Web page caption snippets
______________________________
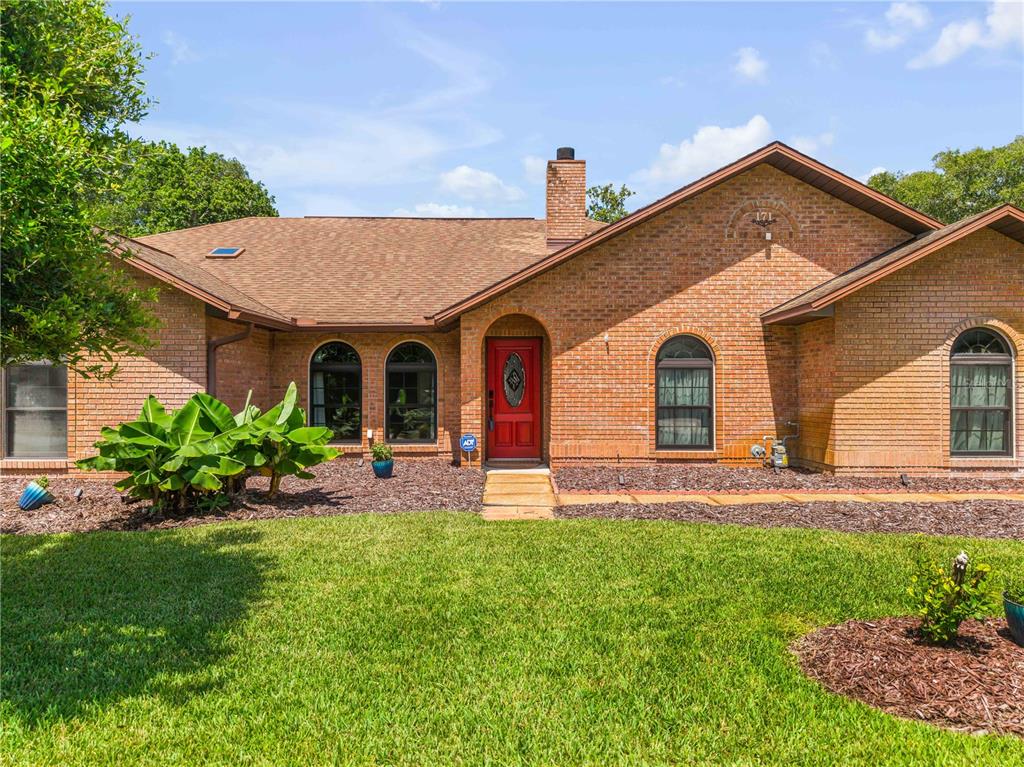 A single-story brick house features a red front door and a brown shingled roof — 171 LIVE OAK COURT, NEW SMYRNA BEACH, FL
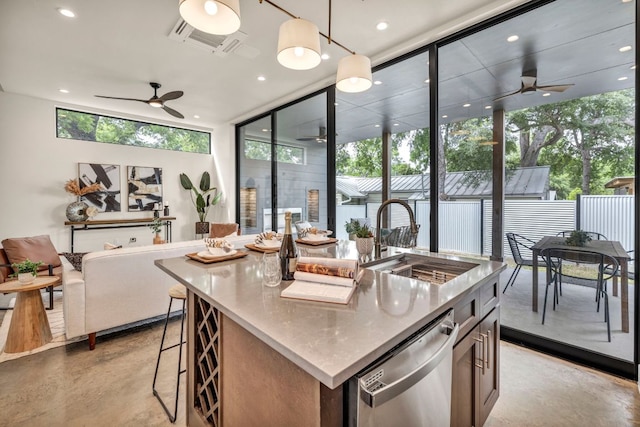 803 Josephine St, Austin, TX 78704 - kitchen with a ceiling fan, stainless steel dishwasher, finished concrete floors, floor to ceiling windows, and plenty of natural light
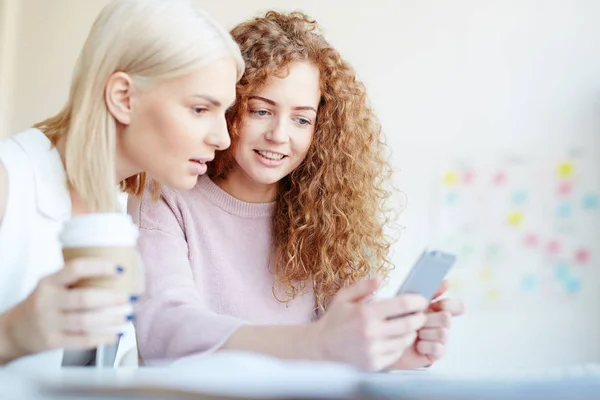 Colegas Jovens Positivas Vendo Notícias Internet Smartphone Discutindo Isso Enquanto — Fotografia de Stock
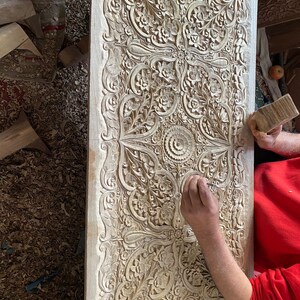 May include: A person carving intricate floral patterns into a wooden panel. The panel is covered in detailed carvings, creating a beautiful and ornate design.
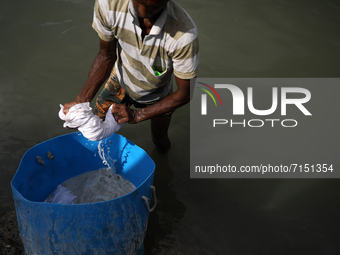 A Worker washes medical staff in the river Buriganga in Dhaka, Bangladesh on September 29, 2021.  Buriganga River, which flows by Dhaka city...
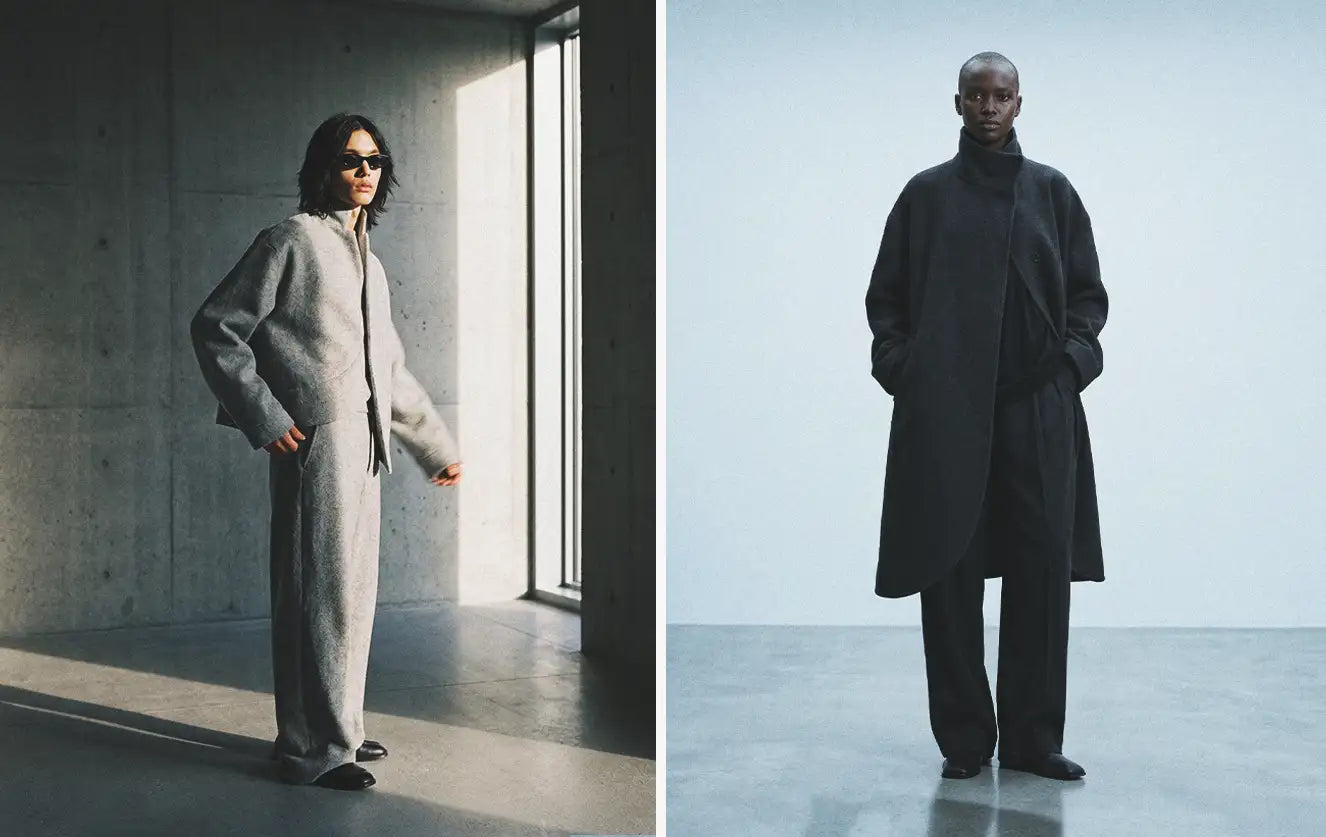Avant-garde clothing looks in neutral tones, including a textured grey wool co-ord set with a cropped bomber jacket and wide-leg trousers — alongside a dark charcoal oversized wool coat over a matching turtleneck and wide-leg pants in a minimalist grey studio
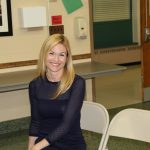 A woman sitting on a chair in a room.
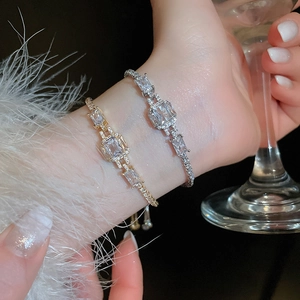 Close-up of luxury adjustable gold and silver bracelets with emerald cut zircon crystals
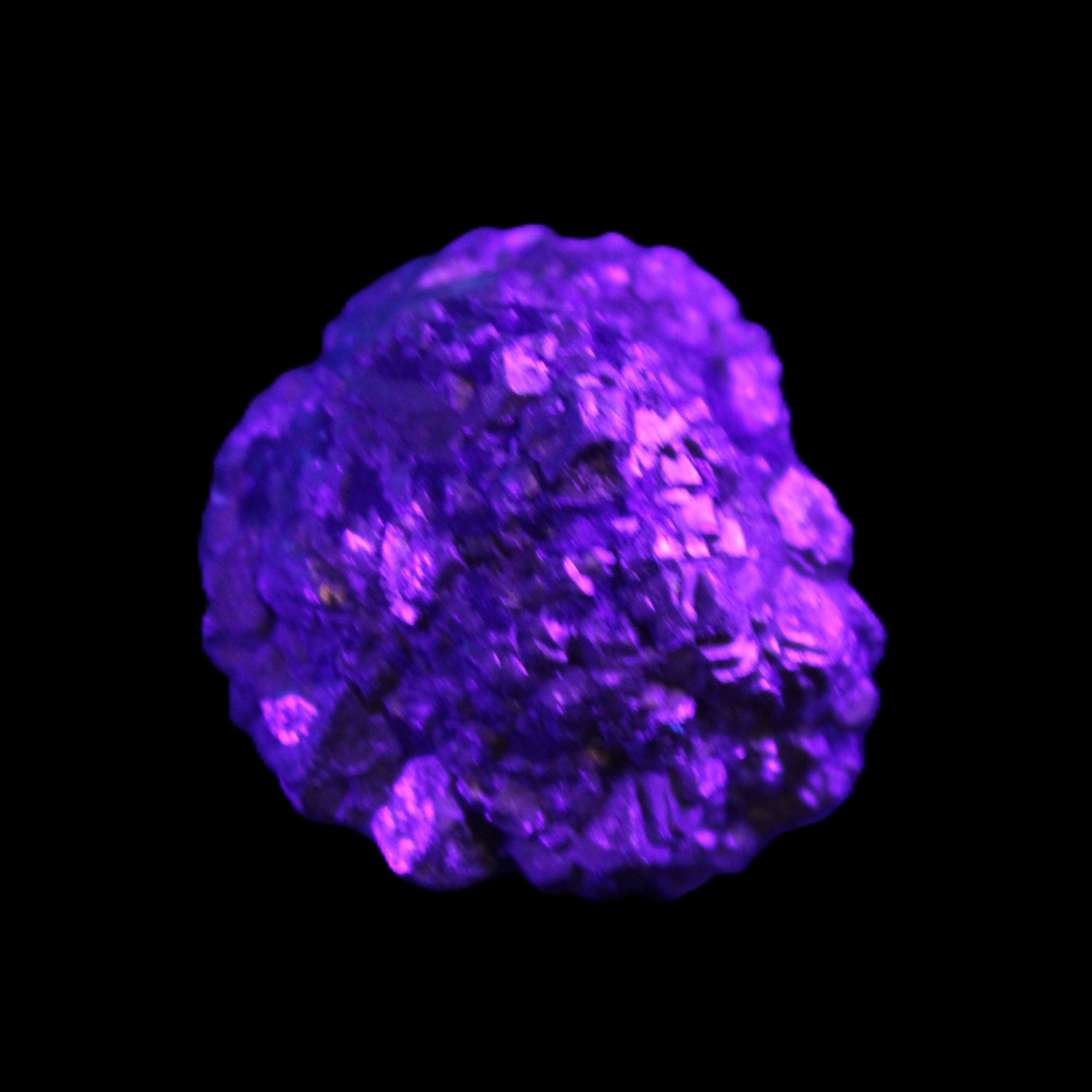 Chalcopyrite cluster from Pakistan 40*32*32mm 95g in UV light - Rocks and Things Store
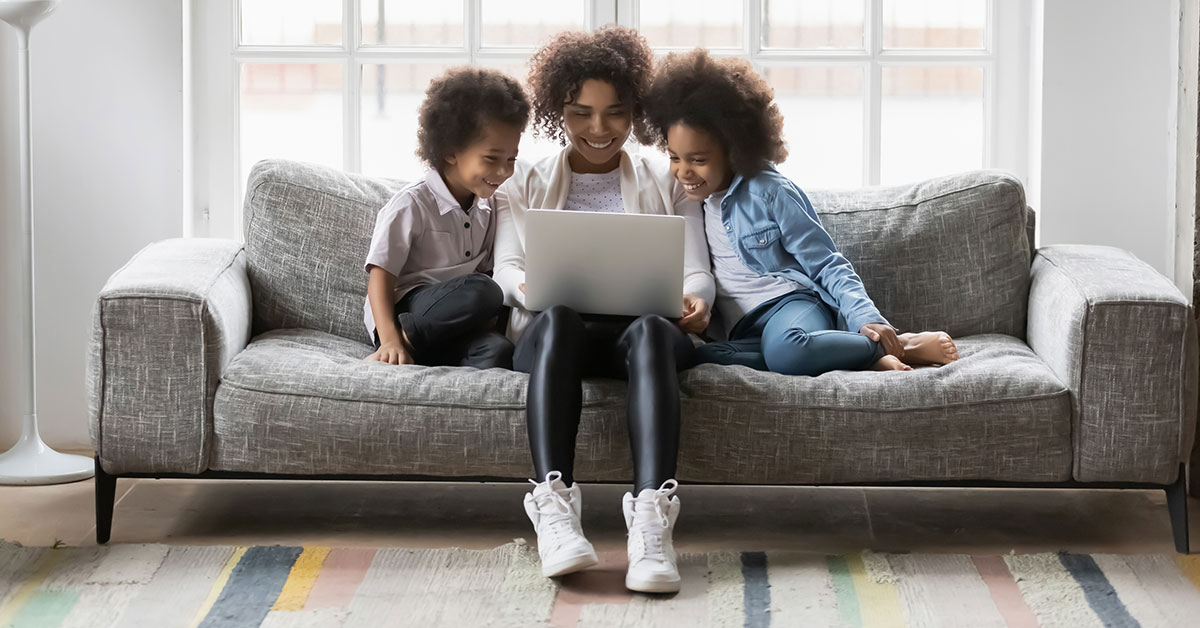 A woman sits on a couch with a laptop in her lap, smiling. Her young children are beside her.
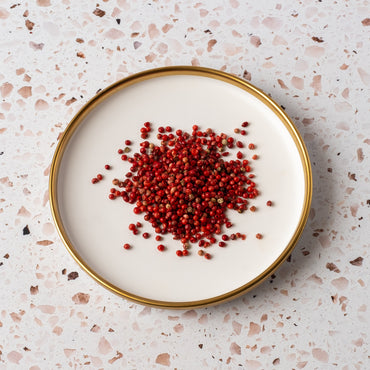 A round plate with a gold rim holds a pile of Pink Pepperberry, set on a pink and white terrazzo surface.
______________________________
▶ **How to complete this task**
When you reach the line with "Close-up of luxury" in the entries above, start copying, and go on word for word to the last line; skip any picture.

▶ **Answer for this exercise**
 Close-up of luxury adjustable gold and silver bracelets with emerald cut zircon crystals
 Chalcopyrite cluster from Pakistan 40*32*32mm 95g in UV light - Rocks and Things Store
 A woman sits on a couch with a laptop in her lap, smiling. Her young children are beside her.
 A round plate with a gold rim holds a pile of Pink Pepperberry, set on a pink and white terrazzo surface.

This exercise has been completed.